Todd Hiestand is one of my best friends from seminary.  I was privileged to meet his mom, Carol Hiestand, at a graduation party, and I shared with her what I do, and she shared some of the story of how she lost her brother.

Carol writes about the following poem and the death that inspired it:

My 49 year old brother (my only surviving sibling) was hunting  in the Montana Mountain Wilderness early November 2005 and failed to show up later in the day after what was to be a brief “I’ll meet you down over the hill at the end of that road.”   What followed was a 32 hour search and when found, he had already succumbed to hypothermia.

We were in Illinois helpless and praying and hoping.  I wrote this a year later, right around the first anniversay of his death.

This poem represents a “Holy Saturday” experience that so many of us go through when we’re in the middle of death.

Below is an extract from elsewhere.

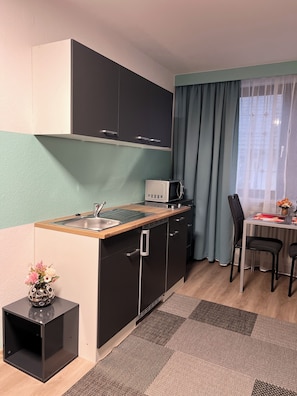 Kühlschrank, Mikrowelle, Wasserkocher, Kochgeschirr/Geschirr/Besteck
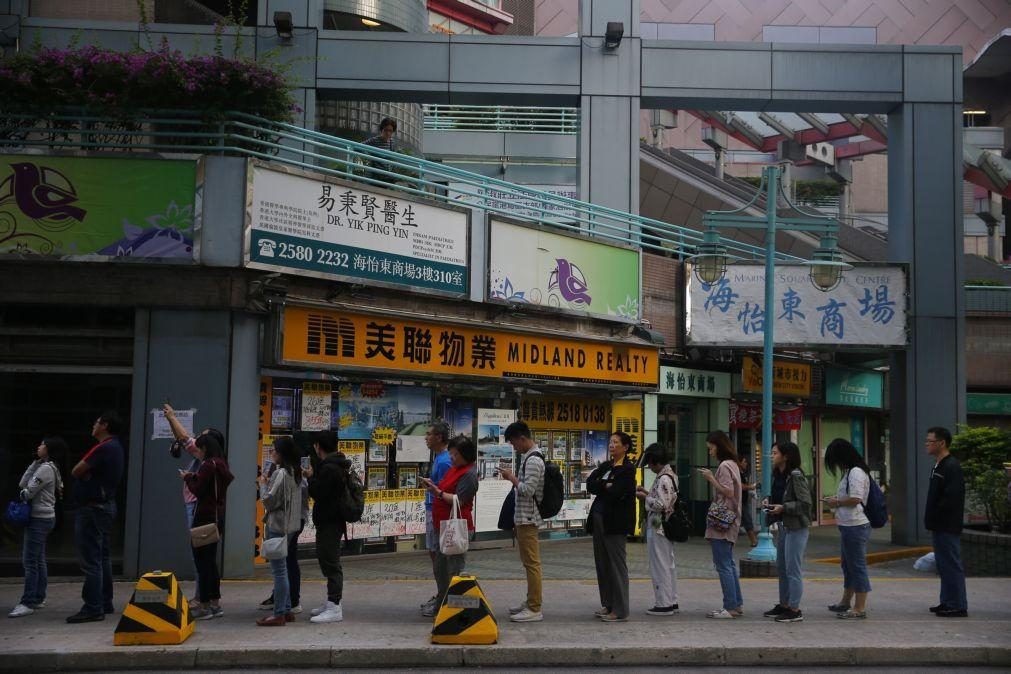 Coronavírus. Hong Kong declara estado de emergência e fecha escolas durante duas semanas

To Those Who Would Comfort Me

Don’t tell me you know how I feel
even if you have lost your brother!
You didn’t lose mine.

Don’t tell me how I will grieve,
even if you’ve journeyed through grief.
Your grief is not my grief.
Your journey is not my journey.
Instead, let me tell you how I feel.
Then hold me as I weep.

Don’t tell me God is Sovereign.
I know that.
Give me time to believe it once again
for myself . . .
for this time in my life.

Don’t ask me if I’m glad
my brother is in heaven.
Of course I am glad he’s in HEAVEN.
But right now I want him here with me.
And don’t talk to me yet of all the things
he is experiencing there.
I miss him too much for that to comfort me.

Someone wrote:
“For the believer, grief is not
about the one who has died.
It’s about the ones
who are left behind
who must redefine their lives
without the one they love.”
This will take time.

Don’t casually quote Romans 8:28.
I believe that too,
but I need time to internalize it
for myself.
in this situation.
This too takes time.

God, Thank you!
for the people in my life,
who walk beside me on this journey,
allowing me to travel
at the speed I can manage,
And cheer for me when I make it to
another milestone
they knew I would reach all along.

****

Death has an odd way of producing silence even when so much wants to be said.  Carol did such a great job at putting into words what so many of us feel or have felt.